- Date: 8–14 April
- Edition: 7th
- Category: World Series
- Draw: 32S / 16D
- Prize money: $600,000
- Surface: Clay / outdoor
- Location: Oeiras, Portugal

Champions

Singles
- Thomas Muster

Doubles
- Tomás Carbonell / Francisco Roig
- ← 1995 · Estoril Open · 1997 →

= 1996 Estoril Open =

The 1996 Estoril Open was a men's tennis tournament played on outdoor clay courts at the Estoril Court Central in Oeiras in Portugal and was part of the World Series of the 1996 ATP Tour.
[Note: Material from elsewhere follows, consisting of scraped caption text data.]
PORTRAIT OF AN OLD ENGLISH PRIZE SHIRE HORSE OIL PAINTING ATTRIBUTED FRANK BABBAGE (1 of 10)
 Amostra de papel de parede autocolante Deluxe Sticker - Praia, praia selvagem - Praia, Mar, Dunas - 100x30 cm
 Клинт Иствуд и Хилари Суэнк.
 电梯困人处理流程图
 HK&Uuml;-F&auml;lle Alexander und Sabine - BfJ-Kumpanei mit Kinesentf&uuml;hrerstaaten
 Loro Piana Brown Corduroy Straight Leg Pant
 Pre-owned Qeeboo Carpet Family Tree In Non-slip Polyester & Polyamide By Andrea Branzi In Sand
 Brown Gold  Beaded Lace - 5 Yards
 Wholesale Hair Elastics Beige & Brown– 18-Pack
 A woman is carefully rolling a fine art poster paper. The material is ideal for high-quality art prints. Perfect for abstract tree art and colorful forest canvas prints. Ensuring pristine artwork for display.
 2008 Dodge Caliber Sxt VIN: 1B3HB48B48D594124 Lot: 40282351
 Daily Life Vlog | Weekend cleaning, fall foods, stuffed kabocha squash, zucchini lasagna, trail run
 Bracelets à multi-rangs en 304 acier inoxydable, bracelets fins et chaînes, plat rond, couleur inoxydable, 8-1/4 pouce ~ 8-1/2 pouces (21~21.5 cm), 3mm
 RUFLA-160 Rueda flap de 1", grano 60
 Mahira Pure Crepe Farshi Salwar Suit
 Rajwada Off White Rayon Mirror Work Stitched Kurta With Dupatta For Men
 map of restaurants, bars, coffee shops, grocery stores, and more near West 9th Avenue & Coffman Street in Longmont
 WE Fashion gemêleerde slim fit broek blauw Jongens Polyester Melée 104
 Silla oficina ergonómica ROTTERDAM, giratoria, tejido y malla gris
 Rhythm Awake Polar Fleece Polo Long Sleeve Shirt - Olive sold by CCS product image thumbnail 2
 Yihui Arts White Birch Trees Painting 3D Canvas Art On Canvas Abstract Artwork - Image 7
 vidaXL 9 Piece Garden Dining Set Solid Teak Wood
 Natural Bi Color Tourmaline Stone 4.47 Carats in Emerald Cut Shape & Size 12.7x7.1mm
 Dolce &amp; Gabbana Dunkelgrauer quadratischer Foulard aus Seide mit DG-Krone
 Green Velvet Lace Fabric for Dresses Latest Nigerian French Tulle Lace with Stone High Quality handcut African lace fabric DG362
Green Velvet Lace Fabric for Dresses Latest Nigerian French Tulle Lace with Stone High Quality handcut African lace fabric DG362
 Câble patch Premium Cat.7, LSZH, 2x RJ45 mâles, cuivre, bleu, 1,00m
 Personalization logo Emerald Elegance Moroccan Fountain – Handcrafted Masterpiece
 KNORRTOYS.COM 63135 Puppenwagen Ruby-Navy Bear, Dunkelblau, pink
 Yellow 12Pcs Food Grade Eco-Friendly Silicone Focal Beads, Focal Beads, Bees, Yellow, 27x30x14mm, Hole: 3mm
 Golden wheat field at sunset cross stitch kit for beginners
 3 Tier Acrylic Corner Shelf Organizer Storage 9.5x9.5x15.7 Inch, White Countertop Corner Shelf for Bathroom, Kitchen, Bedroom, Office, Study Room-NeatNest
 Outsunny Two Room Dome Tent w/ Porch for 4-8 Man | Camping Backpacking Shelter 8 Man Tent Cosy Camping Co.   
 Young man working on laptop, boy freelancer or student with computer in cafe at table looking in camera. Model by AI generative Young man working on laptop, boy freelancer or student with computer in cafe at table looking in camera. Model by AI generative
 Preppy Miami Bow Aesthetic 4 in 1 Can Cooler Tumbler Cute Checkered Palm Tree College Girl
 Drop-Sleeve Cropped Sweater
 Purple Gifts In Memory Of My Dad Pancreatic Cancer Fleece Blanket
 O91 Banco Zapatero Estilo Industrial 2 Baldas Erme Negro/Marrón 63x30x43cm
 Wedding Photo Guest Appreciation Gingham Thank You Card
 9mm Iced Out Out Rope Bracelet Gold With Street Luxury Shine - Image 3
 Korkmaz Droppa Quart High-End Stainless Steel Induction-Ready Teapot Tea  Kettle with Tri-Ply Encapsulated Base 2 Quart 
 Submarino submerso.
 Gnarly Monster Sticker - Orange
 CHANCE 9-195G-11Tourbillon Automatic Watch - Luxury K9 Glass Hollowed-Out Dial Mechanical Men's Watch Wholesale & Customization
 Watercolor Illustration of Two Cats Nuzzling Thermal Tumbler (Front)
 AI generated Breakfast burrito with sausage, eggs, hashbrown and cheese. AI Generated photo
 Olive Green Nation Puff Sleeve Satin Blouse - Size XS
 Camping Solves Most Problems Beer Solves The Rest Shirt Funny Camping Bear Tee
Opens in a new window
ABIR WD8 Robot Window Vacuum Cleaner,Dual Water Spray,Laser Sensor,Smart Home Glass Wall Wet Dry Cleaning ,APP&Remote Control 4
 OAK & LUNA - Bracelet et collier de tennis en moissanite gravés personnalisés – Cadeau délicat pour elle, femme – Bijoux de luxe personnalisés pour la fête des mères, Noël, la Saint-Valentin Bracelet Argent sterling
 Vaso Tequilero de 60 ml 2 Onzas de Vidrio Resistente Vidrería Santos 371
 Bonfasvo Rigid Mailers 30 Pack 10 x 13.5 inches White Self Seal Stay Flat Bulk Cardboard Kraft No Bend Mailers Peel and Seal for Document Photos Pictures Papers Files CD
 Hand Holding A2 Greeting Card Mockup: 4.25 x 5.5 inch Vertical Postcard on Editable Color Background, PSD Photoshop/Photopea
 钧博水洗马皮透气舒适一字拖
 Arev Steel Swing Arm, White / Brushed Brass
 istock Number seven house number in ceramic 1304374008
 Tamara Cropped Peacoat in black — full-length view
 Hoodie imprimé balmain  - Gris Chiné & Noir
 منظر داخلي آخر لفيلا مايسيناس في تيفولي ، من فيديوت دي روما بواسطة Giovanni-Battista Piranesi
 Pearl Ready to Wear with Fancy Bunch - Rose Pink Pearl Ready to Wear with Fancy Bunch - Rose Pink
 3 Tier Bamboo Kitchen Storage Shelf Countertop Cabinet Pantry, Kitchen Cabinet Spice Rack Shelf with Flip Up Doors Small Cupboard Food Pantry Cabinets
It was the seventh edition of the tournament and was held from 8 April until 14 April 1996. Thomas Muster won his second consecutive the singles title at the event.

==Finals==
===Singles===

AUT Thomas Muster defeated ITA Andrea Gaudenzi 7–6^{(7–4)}, 6–4
- It was Muster's 2nd singles title of the year and the 37th of his career.

===Doubles===

ESP Tomás Carbonell / ESP Francisco Roig defeated NED Tom Nijssen / USA Greg Van Emburgh 6–3, 6–2
- It was Carbonell's 1st title of the year and the 16th of his career. It was Roig's 1st title of the year and the 9th of his career.